Mr Lai, who is on the collective sale committee for Golden Mile Complex, said that the en bloc price will be about S$1,400 per square foot for an apartment unit.

But shop owners like James Ang, who owns a stationery and insurance business in Golden Mile Tower, predict the commercial unit en bloc price will be at least S$2,000 per square foot, if not more.

Many residents are tenants who have little say over the fate of the building. Others find themselves in the minority of homeowners unwilling to sell their homes.

For each of the four buildings to be sold, there needs to be a consensus among owners holding 80 per cent of the building's share value and area. As long as the 80 per cent agree to sell, minority homeowners will be silenced.

Some people, particularly architects and historians like Mr Ho and Chang Jiat-Hwee, a professor of modern architecture at the National University of Singapore, hope that the government will take steps to protect the building from being demolished by designating it for conservation.

"The (Urban Redevelopment Authority) is open to explore win-win solutions with owners of private modern buildings that have merit for conservation," Kelvin Ang, director of conservation management at the Urban Redevelopment Authority, said in an email.

But what does a win-win solution look like in the seemingly zero-sum world of real estate?

Tan Cheng Siong, a pioneering architect who designed Pearl Bank Apartments, offered voluntary conservation as a possible answer.

For the past three years, he has worked with residents of the Pearl Bank Apartments to create an owner-led development plan, which would allow architects and consultants to work with owners to rejuvenate and upgrade the building.

But the plan fell through. Mr Tan had obtained the consent of 93 per cent of residents, but proposals for voluntary conservation that will involve alterations to the building require a 100 per cent consensus among owners.

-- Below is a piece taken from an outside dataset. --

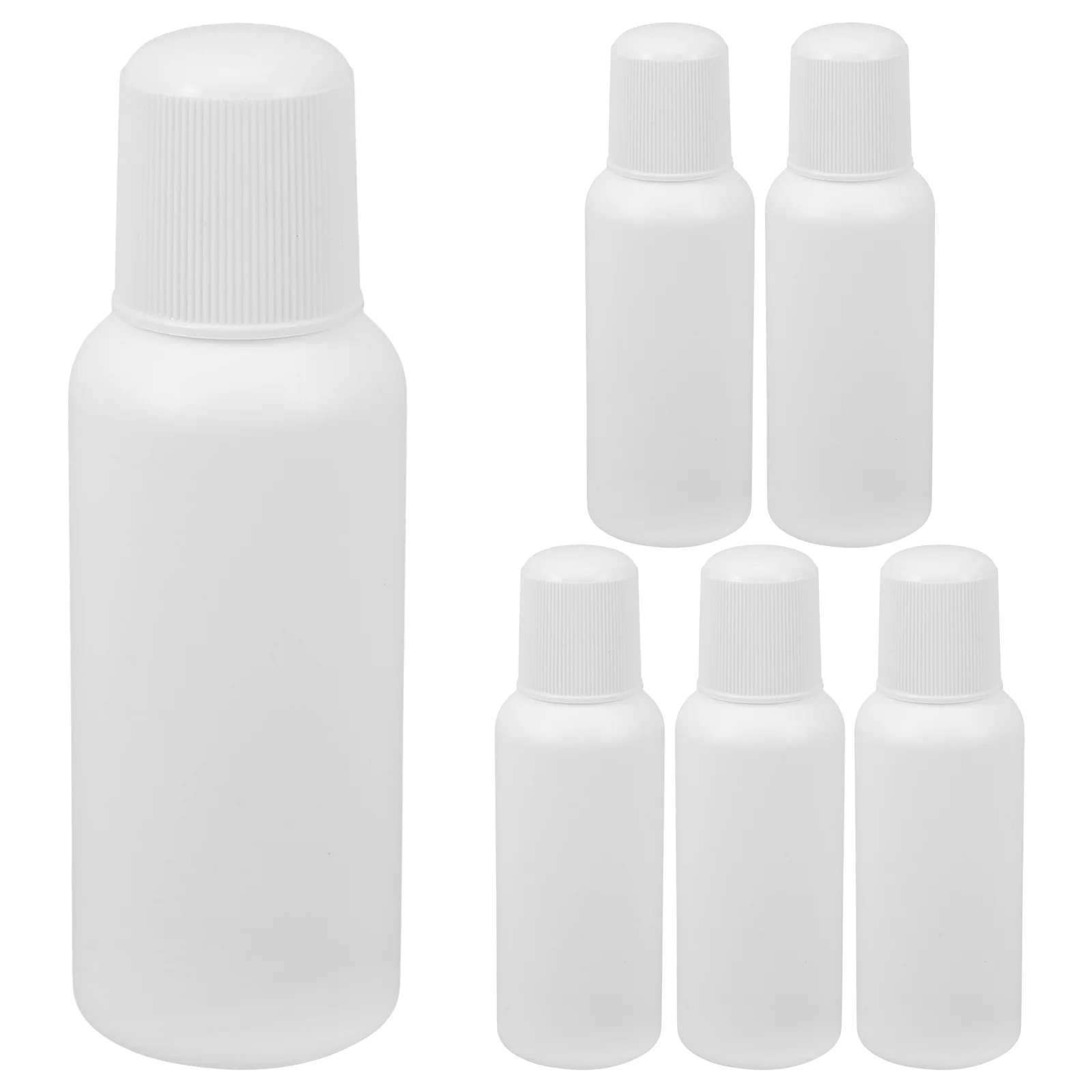 

6 Pcs Sponges Smear Medicine Bottle Reusable Head Empty Paint Applicator Bottles for Liniments Applying White Travel Baby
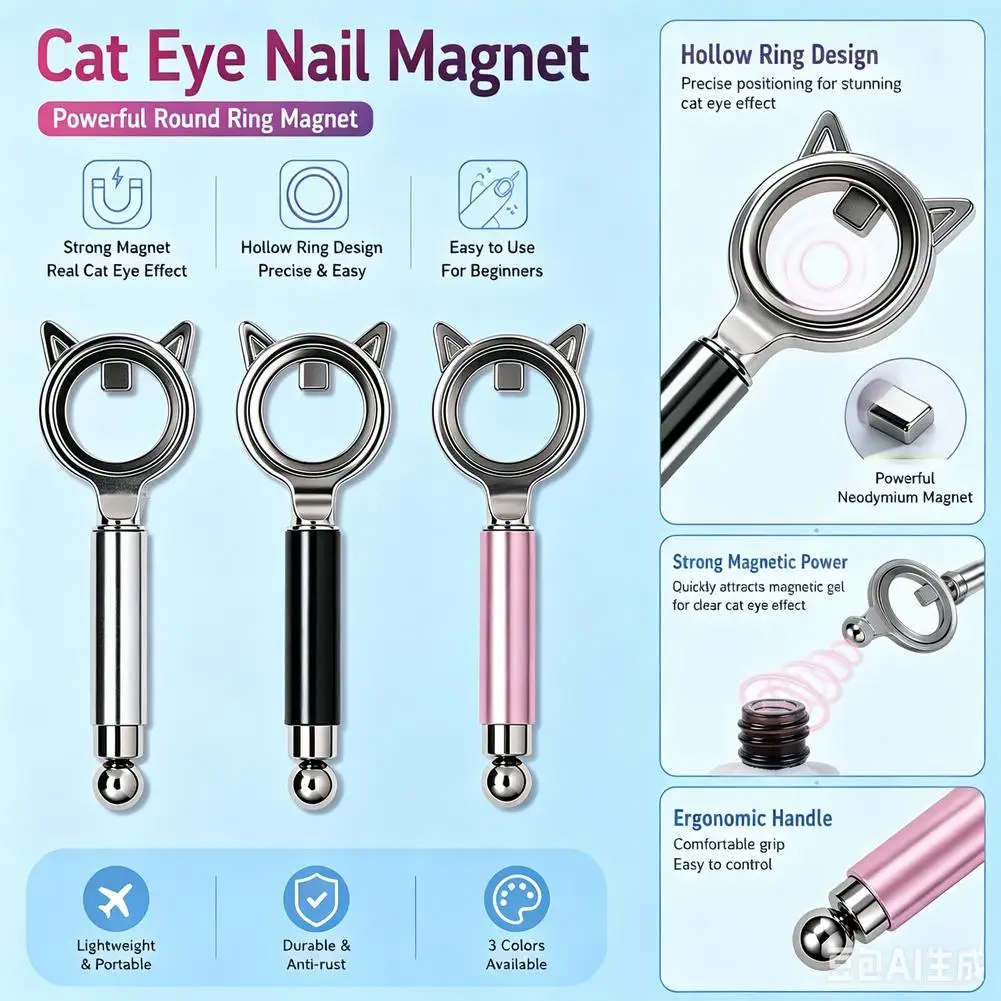 Katzenauge-Nagelmagnet – Doppelseitiger Magnetstab Für Nail Art Katzenauge-Nagelmagnet – Doppelseitiger Magnetstab Für Nail Art - Image 4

A more organic and long-term solution would be to let the building gain stature and importance in the public eye over time.

Mr Ho made an analogy to Singapore's shophouses. "In the past we didn't romanticise shophouses as heritage because everyone living in them was in dire condition. But we took a step back, decided to conserve them, and now they are much coveted buildings," he said. He thinks that there is a similar potential for enhancing the value of Golden Mile.

The phenomenon has already begun. In recent years, the Golden Mile buildings have been revitalised as young entrepreneurs and creatives take advantage of the low rent and generous space available in the building to set up creative design studios, bars and Singapore's first independent cinema, The Projector.

Ms Tan is optimistic about the conservation possibilities for the Golden Mile buildings. "I think there is an opportunity here," she said. "It's not straightforward how one can unlock it ... but that doesn't mean it's not worth trying to do it."